WHAT THIS TASK INVOLVES – Repeat every line from the line containing "百科答答看app手机版下载" to the end of the data, exactly. Leave the pictures out.

DATA FOR THIS TASK –
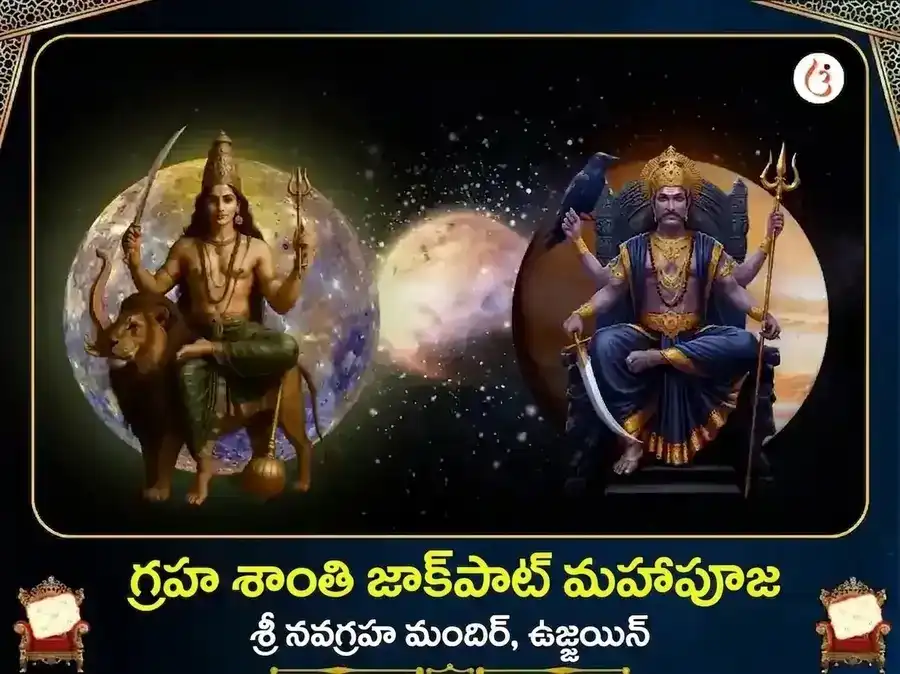 బుధ శని మార్గి 500 సంవత్సరాల గ్రహ శాంతి జాక్‌పాట్ మహాపూజ puja image 1
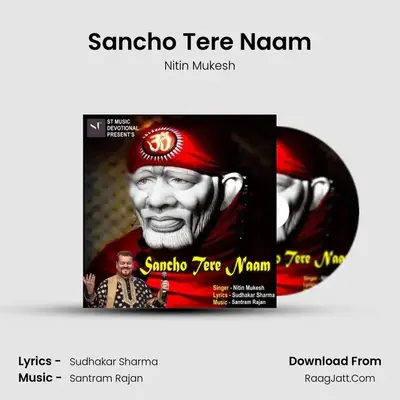 Sancho Tere Naam Cover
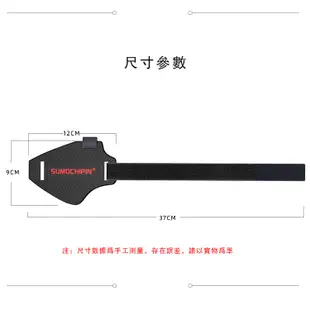 Moto Centric 機車 打檔鞋面護套 掛擋套 換擋膠套 護鞋膠保護套墊 檔位防護套 護鞋套 機車 越野 環島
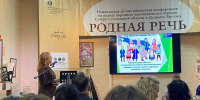 Доклад об охинском вкладе в сохранение культуры нивхов на конференции в Южно-Сахалинске встретили очень тепло - Газета Сахалинский нефтяник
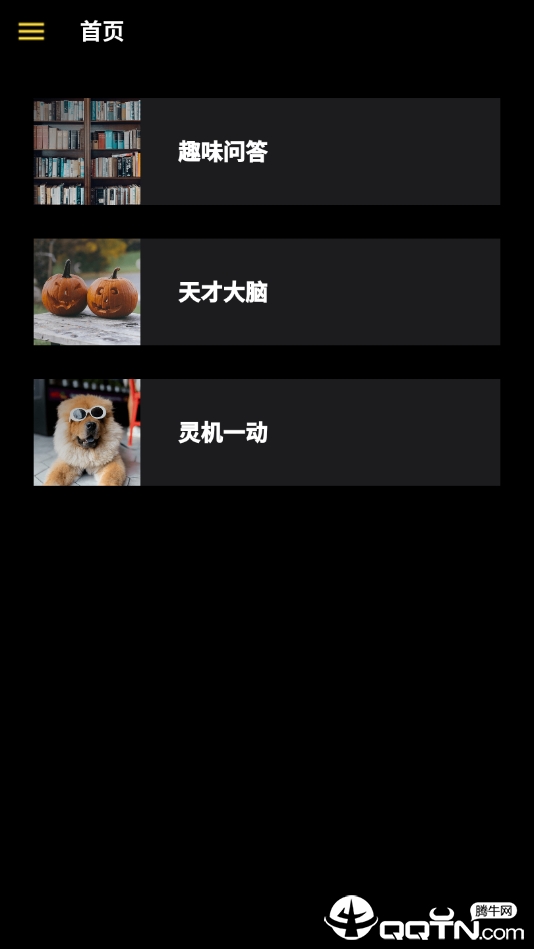 百科答答看app手机版下载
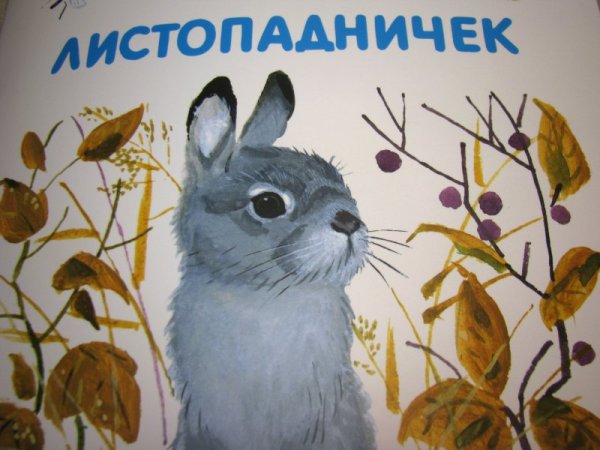 Листопадничек Соколов-Микитов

WORKED SOLUTION –
 百科答答看app手机版下载
 Листопадничек Соколов-Микитов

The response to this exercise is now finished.